Timers and schedulers can be useful tool in a Thingworx application. Their only purpose, of course, is to create events that can be used by the platform to perform and number of tasks. These can range from, requesting data from an edge device, to doing calculations for alerts, to running archive functions for data. Sounds like a simple enough process. Then why do most platform performance issues seem to come from these two simple templates?
It all has to do with how the event is subscribed to and how the platform needs to process events and subscriptions. The tasks of handling MOST events and their related subscription logic is in the EventProcessingSubsystem. You can see the metrics of this via the Monitoring -> Subsystems menu in Composer. This will show you how many events have been processed and how many events are waiting in queue to be processed, along with some other settings. You can often identify issues with Timers and Schedulers here, you will see the number of queued events climb and the number of processed events stagnate.
But why!? Shouldn't this multi-threaded processing take care of all of that. Most times it can easily do this but when you suddenly flood it with transaction all trying to access the same resources and the same time it can grind to a halt.
This typically occurs when you create a timer/scheduler and subscribe to it's event at a template level. To illustrate this lets look at an example of what might occur. In this scenario let's imagine we have 1,000 edge devices that we must pull data from. We only need to get this information every 5 minutes. When we retrieve it we must lookup some data mapping from a DataTable and store the data in a Stream. At the 5 minute interval the timer fires it's event. Suddenly all at once the EventProcessingSubsystem get 1000 events. This by itself is not a problem, but it will concurrently try to process as many as it can to be efficient. So we now have multiple transactions all trying to query a single DataTable all at once. In order to read this table the database (no matter which back end persistence provider) will lock parts or all of the table (depending on the query). As you can probably guess things begin to slow down because each transaction has the lock while many others are trying to acquire one. This happens over and over until all 1,000 transactions are complete. In the mean time we are also doing other commands in the subscription and writing Stream entries to the same database inside the same transactions. Additionally remember all of these transactions and data they access must be held in memory while they are running. You also will see a memory spike and depending on resource can run into a problem here as well.

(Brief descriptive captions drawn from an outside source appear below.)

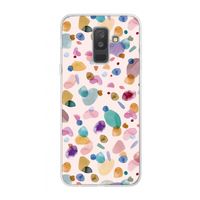 Terrazzo Memphis Pink: Samsung Galaxy A6 Plus (2018) Transparant Hoesje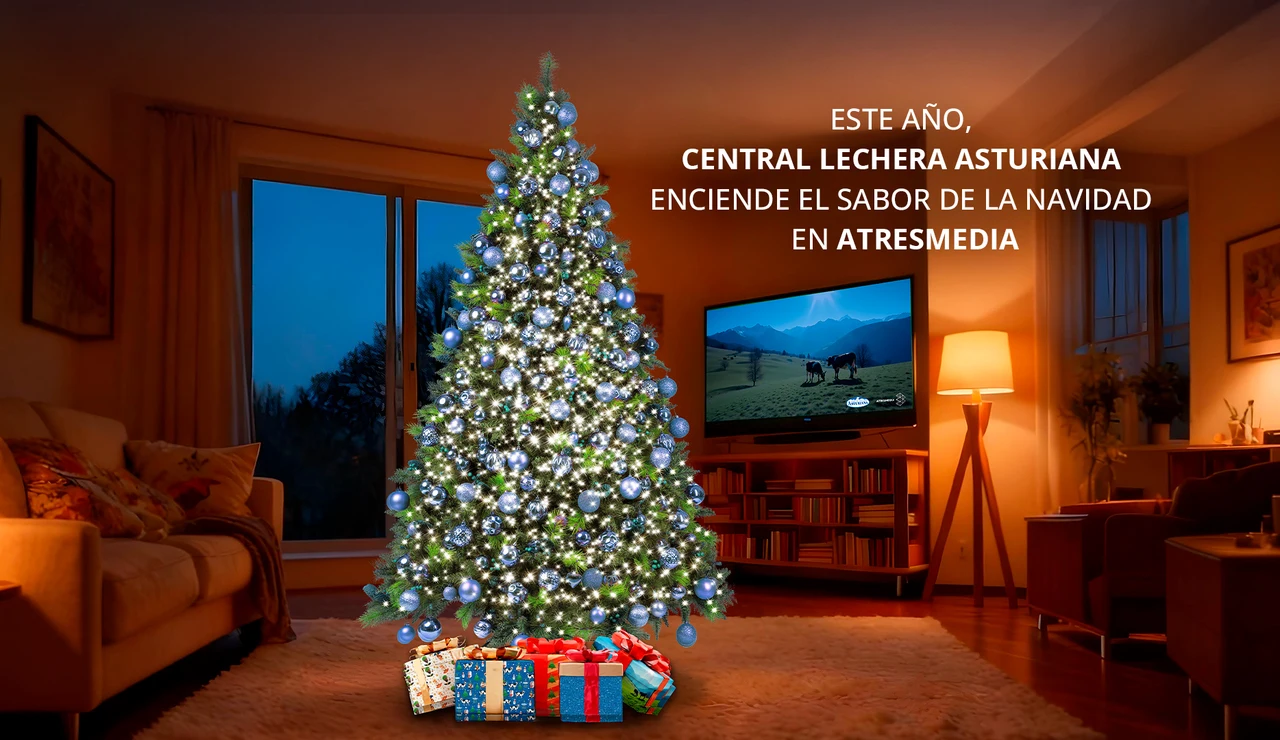 Central Lechera Asturiana enciende el sabor de la Navidad de Atresmedia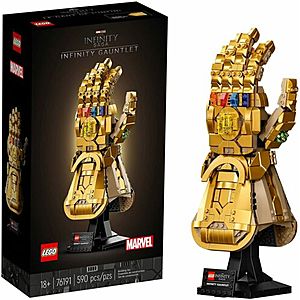 560-Piece LEGO Marvel Infinity Gauntlet Collectible Building Kit (76191) $47.49 + Free Shipping @ eBay
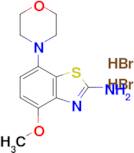 4-Methoxy-7-(morpholin-4-yl)-1,3-benzothiazol-2-amine dihydrobromide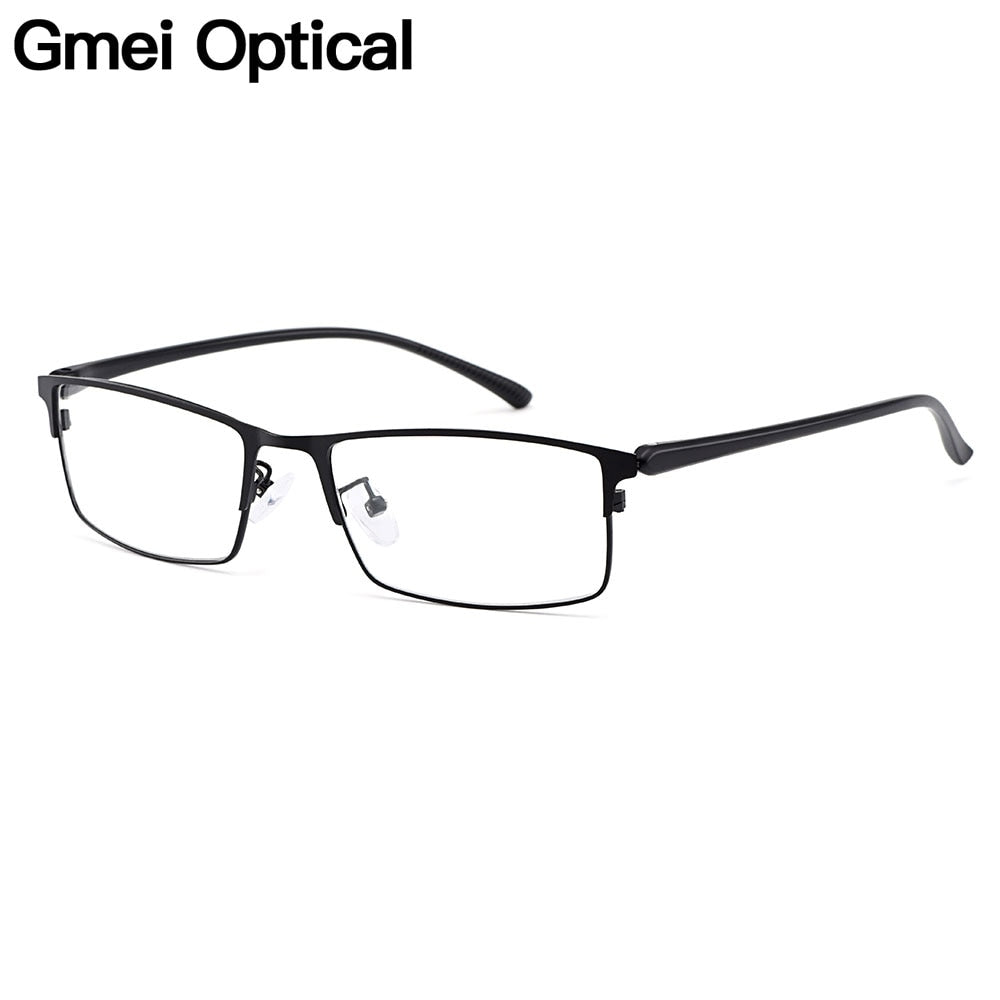 Men's Eyeglasses Titanium Alloy Legs IP Electroplating Y2529 Frame Gmei Optical   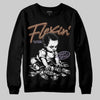 Harris Tweed x Wmns Dunk Low 'Sesame' DopeSkill Sweatshirt Flexin' Graphic Streetwear - Black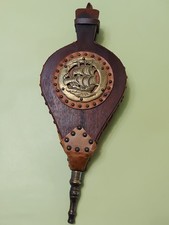 20" Vintage Brass & Wood Fire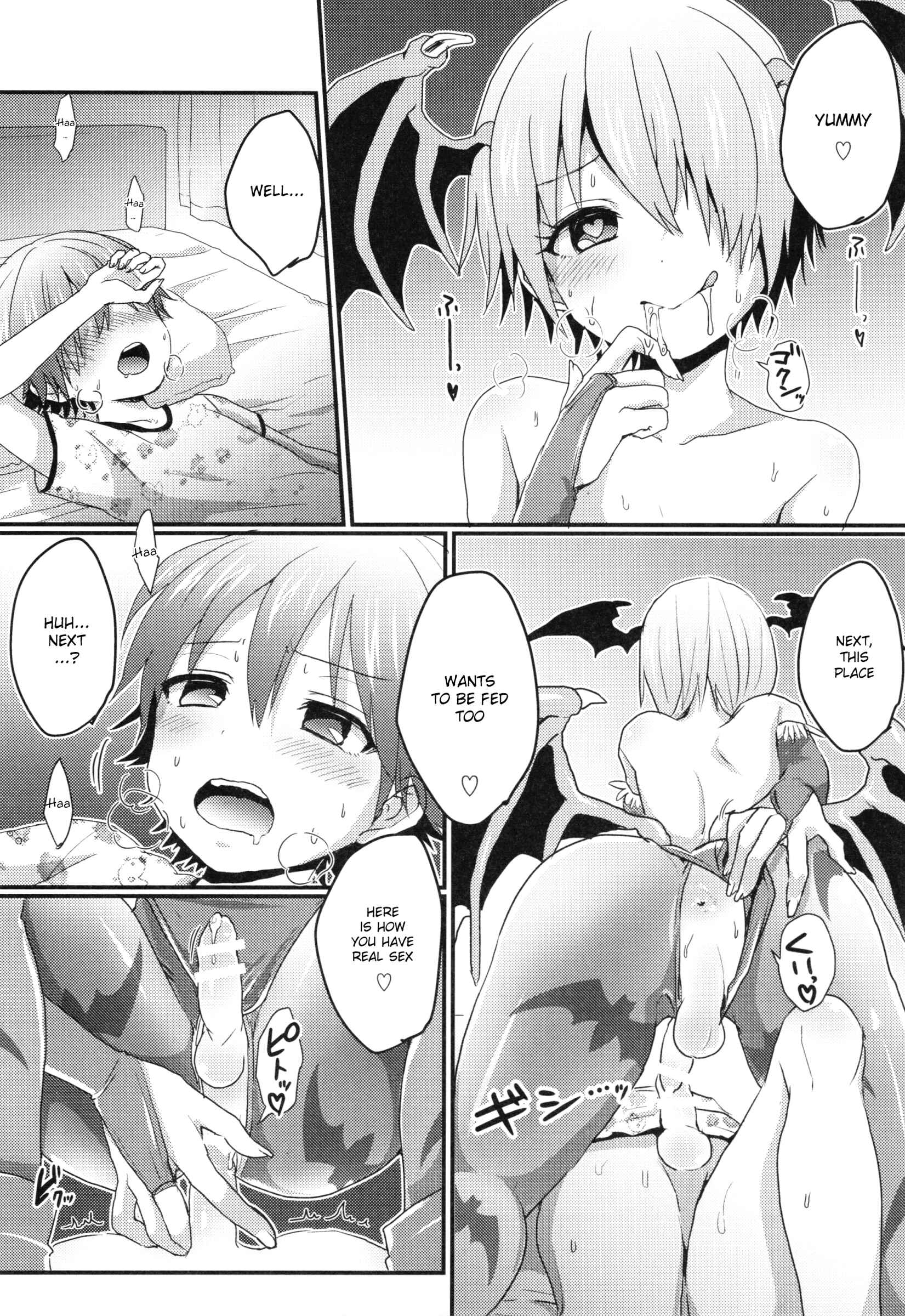Page 14 Chapter Unknown_92a5 Darkstalkers - Lilith-kun to Nenneko Shimasho (Doujinshi)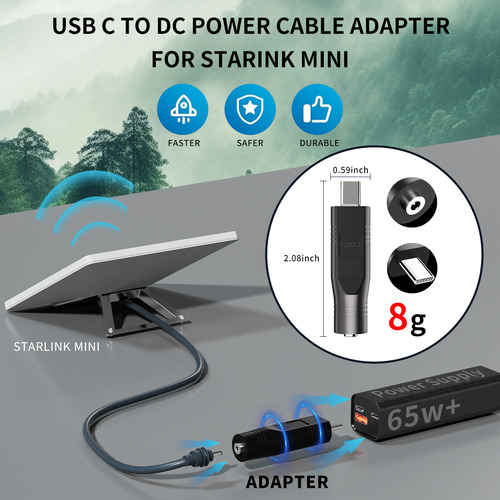 Adaptador Usb-c A Cc Starlink Mini Power - Generic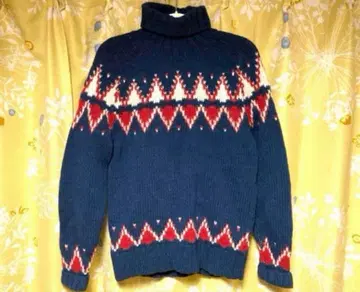 터틀넥 스웨터 울 100% y2k 맥브링 그런지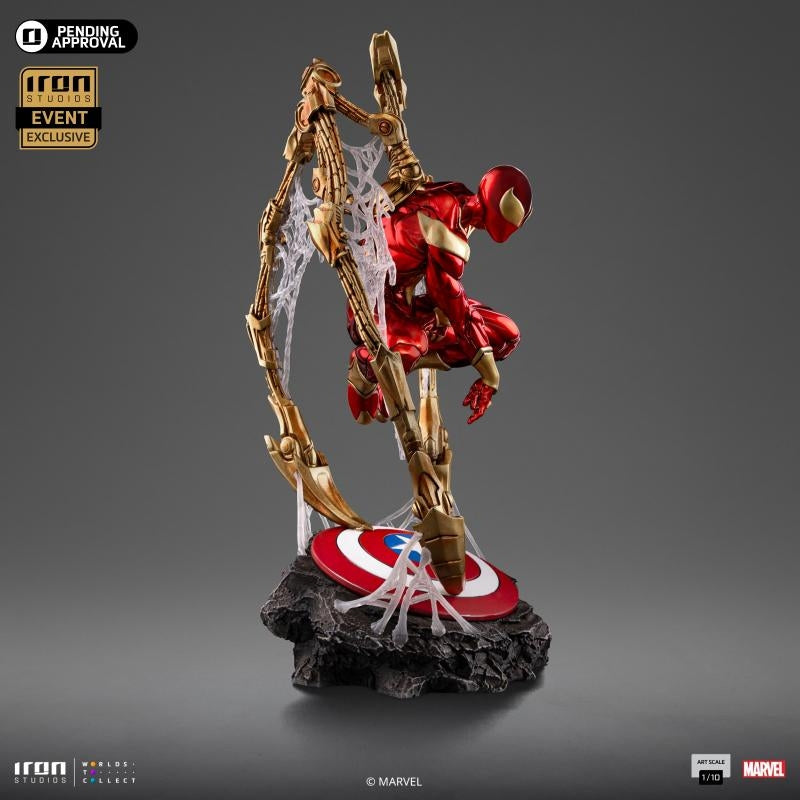 Iron Studios Marvel Comics Spider-Man Iron Suit (2024 Event Exclusive) Art Scale 1/10 Statue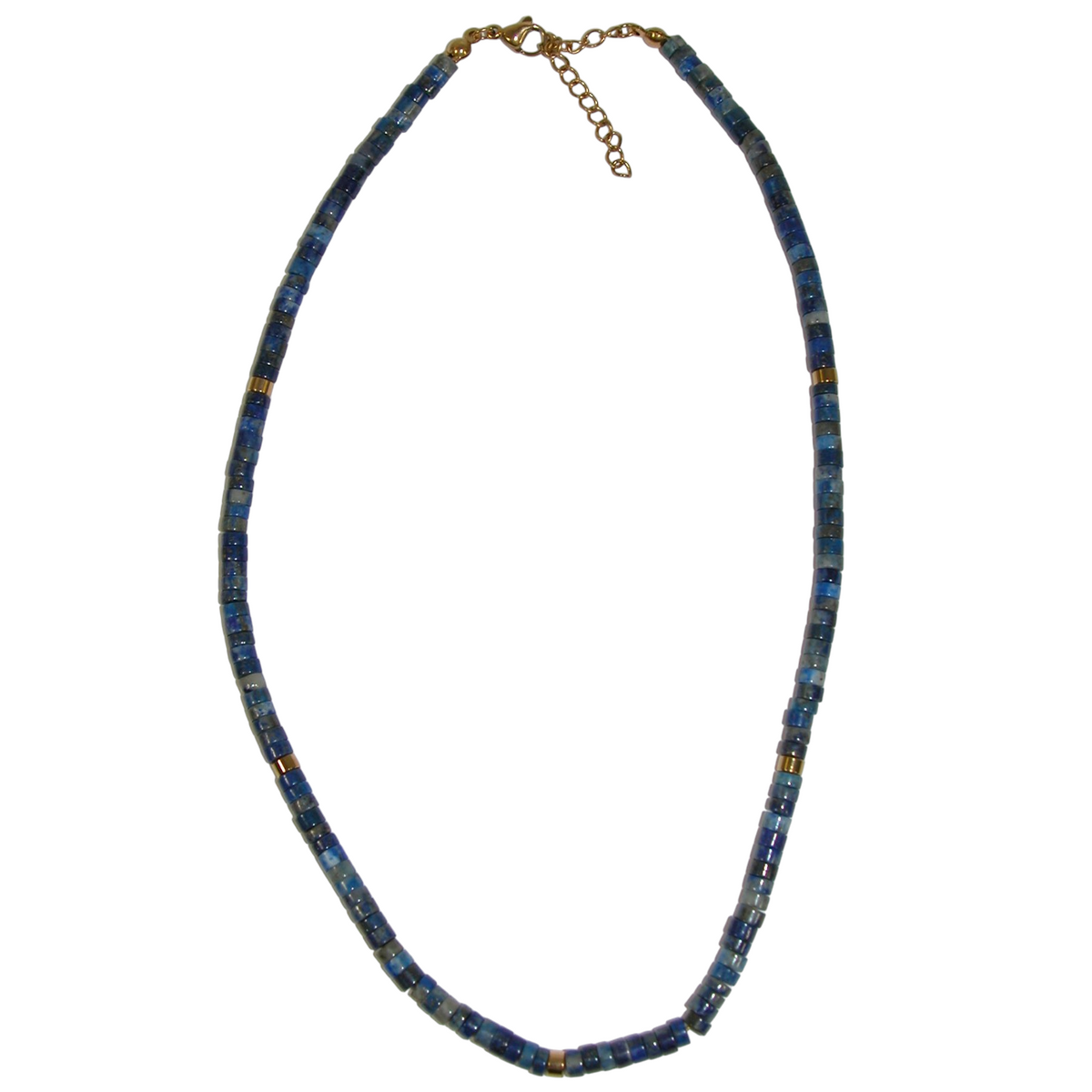 Lapis Rondel Necklace GF4840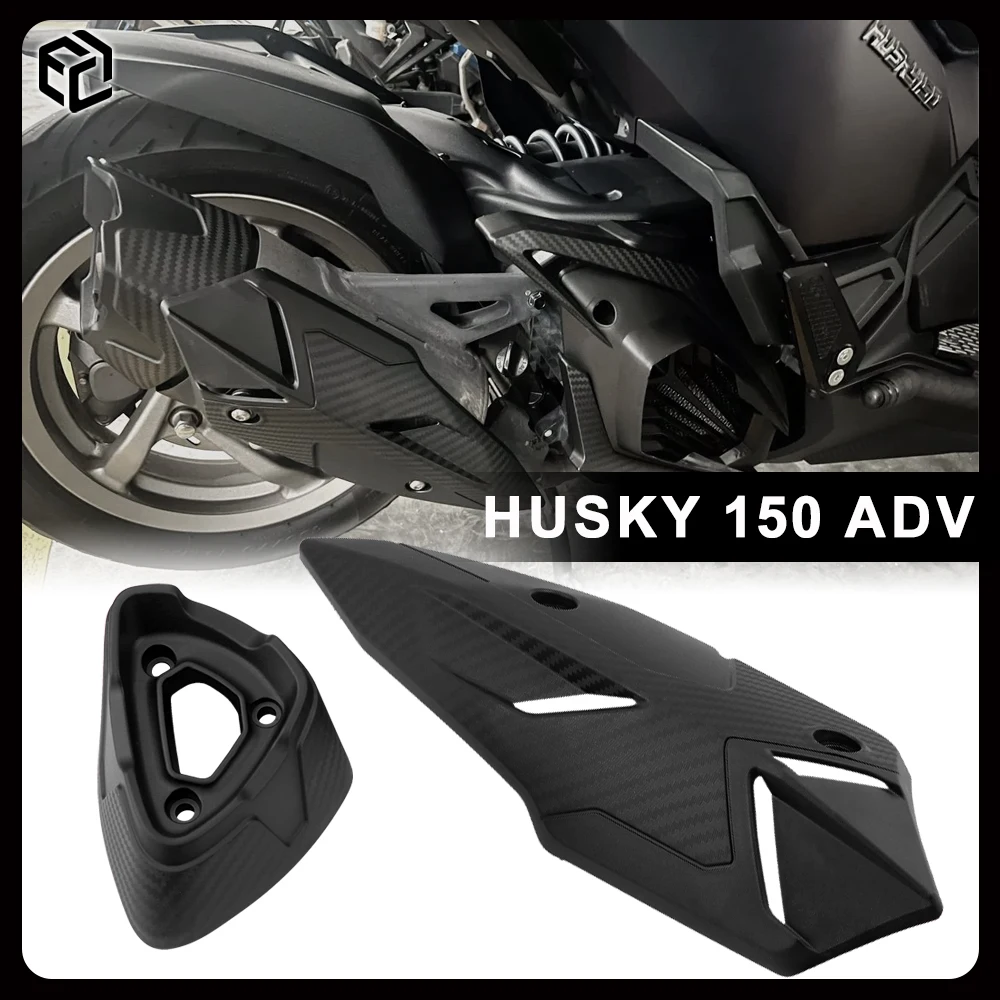 

For SYM HUSKY ADV 150 NAGA155 DRG Exhaust Pipe Shield Motorcycle Exhaust Pipe Protector Heat Shield Cover Motorcycle Accessories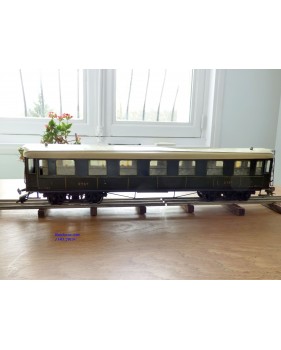FABRE & MARESCOT  ???, coffret ETAT : 1 loco 220, 4 voitures, rails et alimentation BO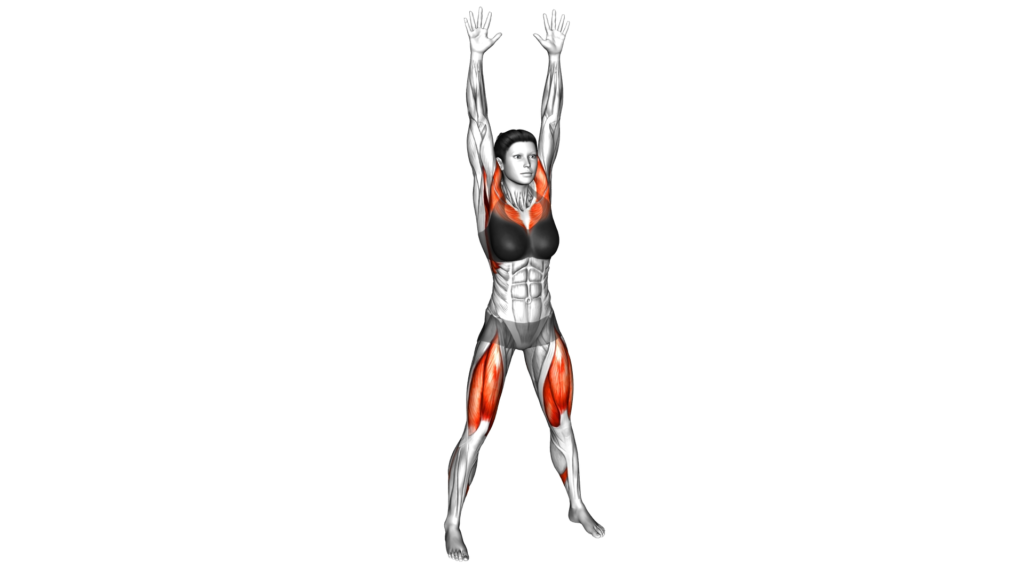 Slight Squat Back Shoulder Rotation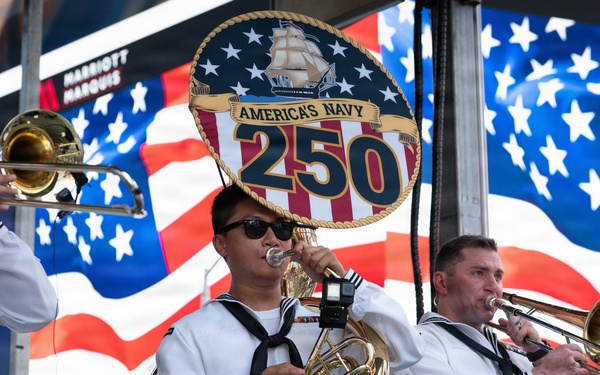 Navy Band Northeast performs at Duffy Square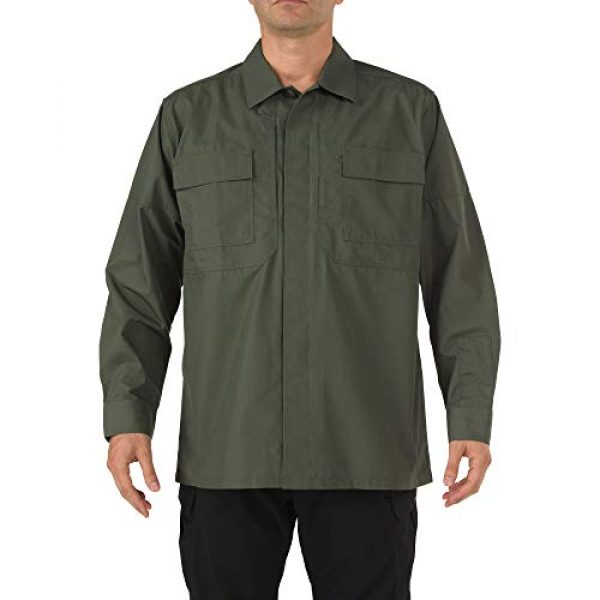 5.11 Tactical Shirt 1 5.11 Tactical Men's Ripstop TDU Long Sleeve Shirt, Teflon Treated, Style 72002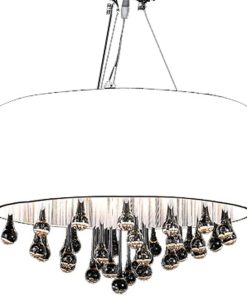 Lampadario Con 85 Cristalli Bianco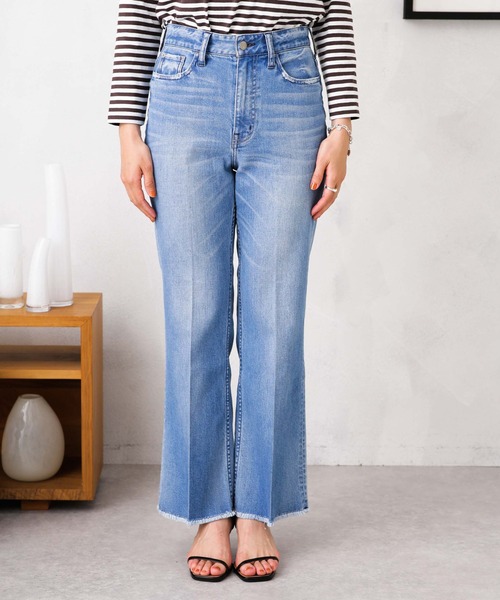 「Healthy denim」 デニムパンツ 24 ダークブルー レディース_画像3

Regular events can easily be part of any use case, so how would that work! The trick to know here comes in two parts. First, any event a Thing raises can be subscribed to on that same Thing. When you do this the subscription transaction does not go into the EventProcessingSubsystem. It will execute on the threads already open in memory for that Thing. So subscribing to a timer event on the Timer Thing that raised the event will not flood the subsystem.
In the previous example, how would you go about polling all of these Things. Simple, you take the exact logic you would have executed on the template subscription and move it to the timer subscription. To keep the context of the Thing, use the GetImplimentingThings service for the template to retrieve the list of all 1,000 Things created based on it. Then loop through these things and execute the logic. This also means that all of the DataTable queries and logic will be executed sequentially so the database locking issue goes away as well. Memory issues decrease also because the allocated memory for the quries is either reused or can be clean during garbage collection since the use of the variable that held the result is reallocated on each loop.
Overall it is best not to use Timers and Schedulers whenever possible. Use data triggered events, UI interactions or Rest API calls to initiate transactions whenever possible. It lowers the overall risk of flooding the system with recourse demands, from processor, to memory, to threads, to database. Sometimes, though, they are needed. Follow the basic guides in logic here and things should run smoothly!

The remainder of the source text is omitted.